Web page caption snippets
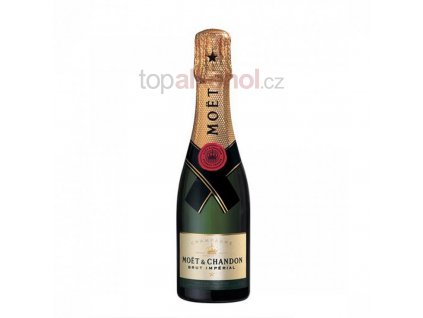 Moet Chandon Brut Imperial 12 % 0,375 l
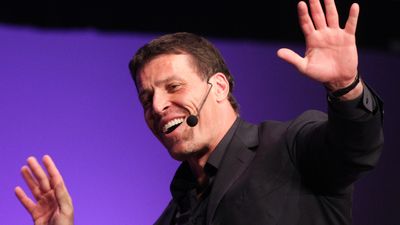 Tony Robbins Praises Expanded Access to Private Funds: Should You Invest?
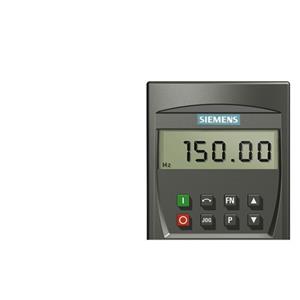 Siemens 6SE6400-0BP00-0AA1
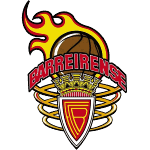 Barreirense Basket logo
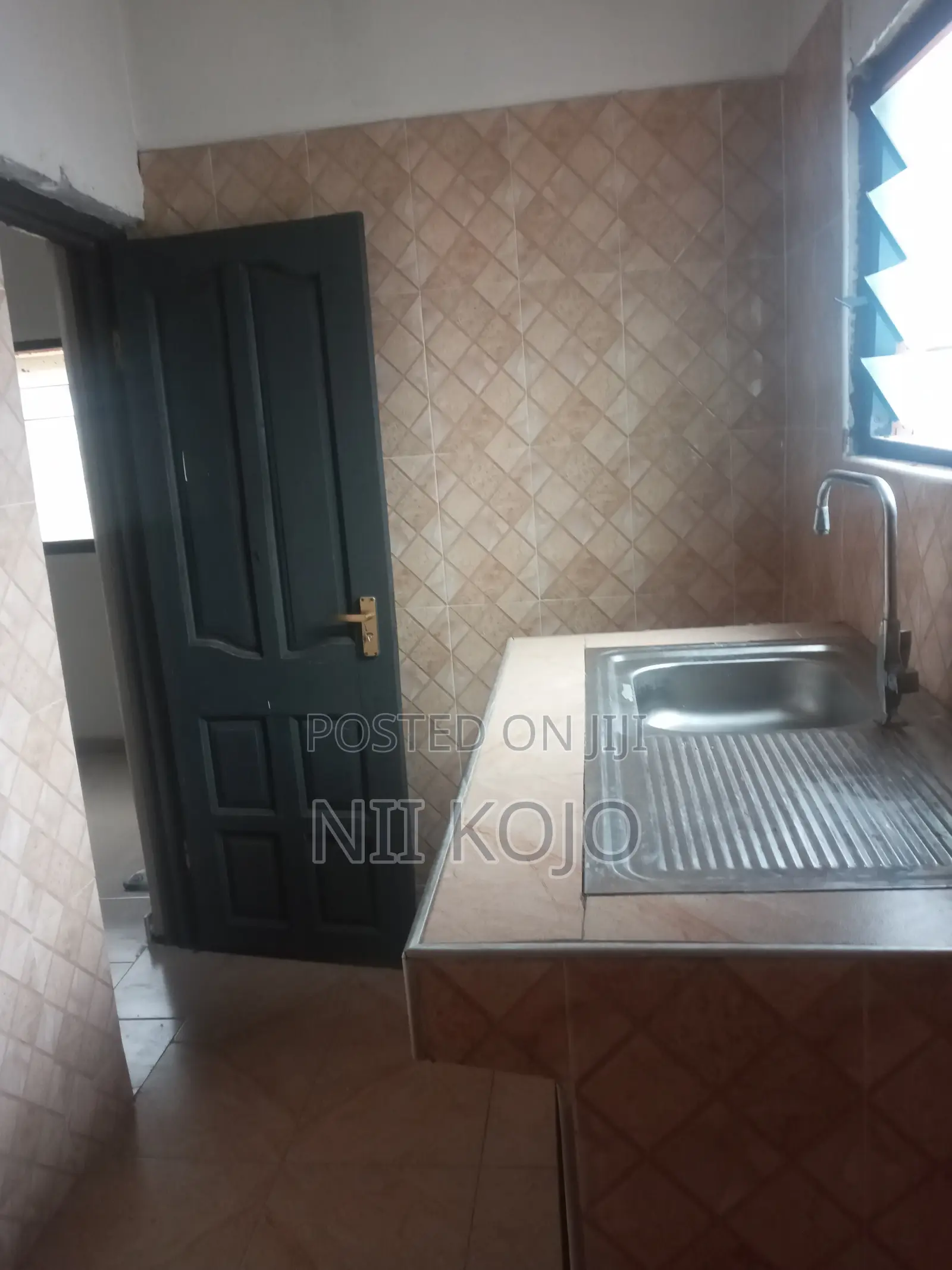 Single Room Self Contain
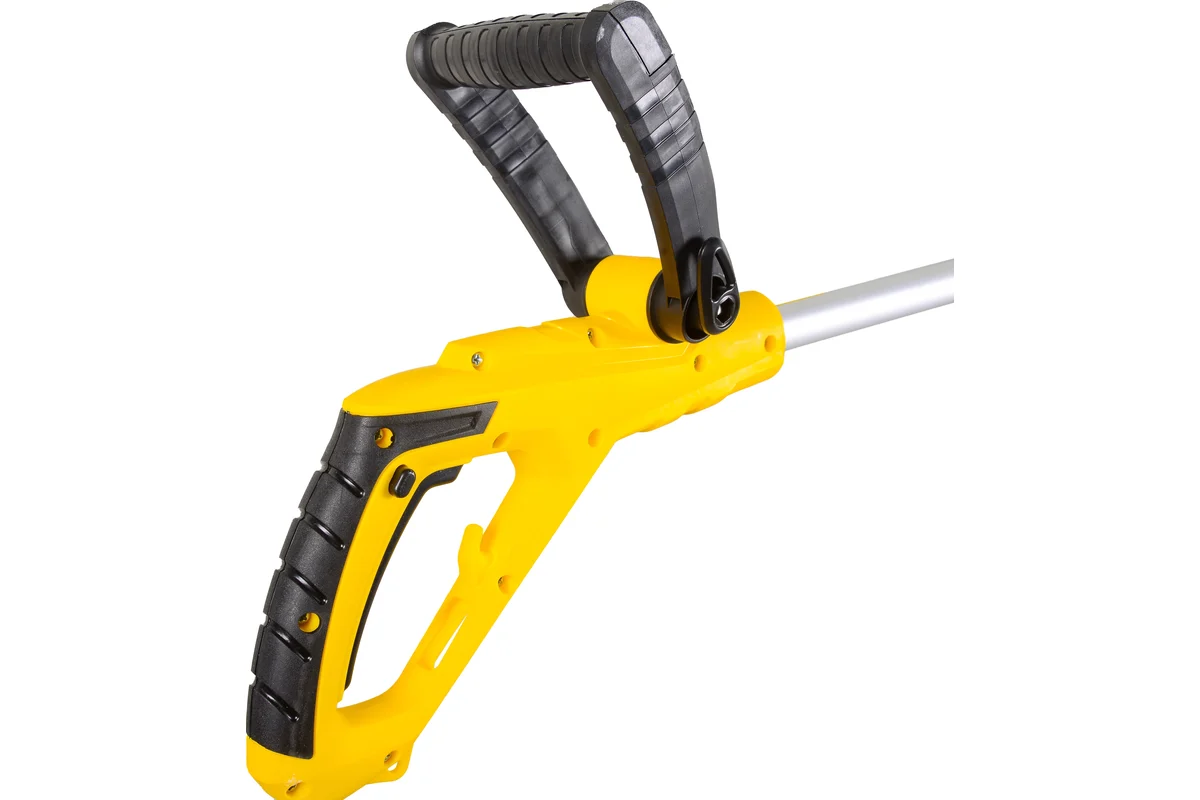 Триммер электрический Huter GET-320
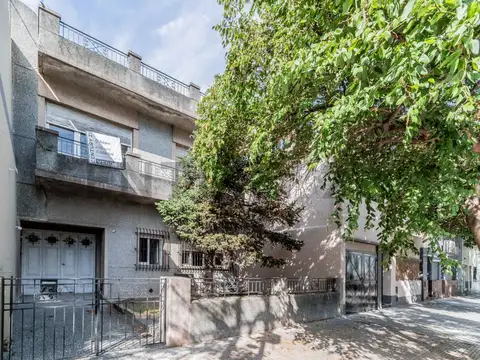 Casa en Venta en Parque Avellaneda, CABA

### TASK GOAL
Give back all of the data exactly, but not the pictures.

### OUTPUT BELOW
 Moet Chandon Brut Imperial 12 % 0,375 l
 Tony Robbins Praises Expanded Access to Private Funds: Should You Invest?
 Siemens 6SE6400-0BP00-0AA1
 Barreirense Basket logo
 Single Room Self Contain
 Триммер электрический Huter GET-320
 Casa en Venta en Parque Avellaneda, CABA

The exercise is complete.